I had my in-laws over for dinner last weekend, and I served lamb burgers with tzatziki. I got the idea from Brooke over at Bear Necessities. These were very good, I especially loved the homemade tzatziki. I had a pile leftover and we ate it the next day as a veggie dip.
I served the lamb burgers with my greek salad and greek potatoes.
I am going to be out of town camping without a computer for a few days this week, I will be cooking up a storm over the campfire and I'm even going to make another attempt to make a successful Camp Fire Bread. I apologize in advance for the lack of posts this week, but if you find you really miss me, and you can't live without me, I do have 126 recipes in my archives, so drop by anyway and read some of my older posts.
2 lbs ground lamb
1 small onion, diced fine
1/4 cup chopped parsley
2 tsp oregano
2 cloves garlic, minced
salt and pepper
1. Mix lamb with onion, parsley, oregano, and garlic. Season with salt and pepper, and mix together. Note: you don't need an egg to bid the lamb as you do with beef, because lamb is higher in fat.
2. Grill over direct coals until the burgers reach desired doneness.

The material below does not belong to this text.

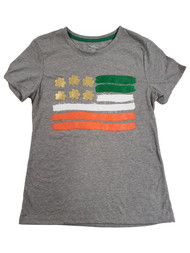 Womens Irish Flag Gold Foil Clover St. Patrick's Day T-Shirt Shirt Top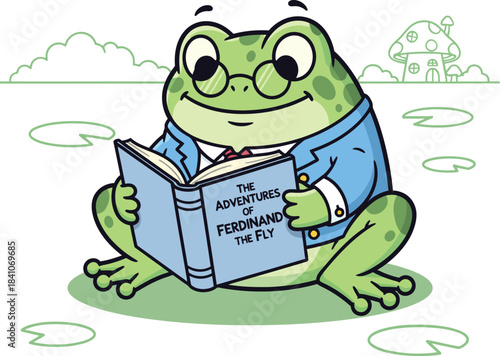 A charming frog professor engrossed in a book set in a whimsical landscape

3. Serve the burgers in pita pockets with tomato, lettuce and tzatziki.
2 cups plain yoghurt
2 cloves garlic
1/2 english cucumber
2 tbsp fresh dill
1. Place the yoghurt in a strainer lined with a piece of cheesecloth. Put the strainer in a larger bowl to catch liquid and place in the fridge for at least 6 hours (or overnight). This will make the yoghurt nice and thick.
2. Peel and very finely chop the cucumber. Mix into yoghurt with miced garlic, shopped dill and salt to taste.
3. This is even better made a day ahead.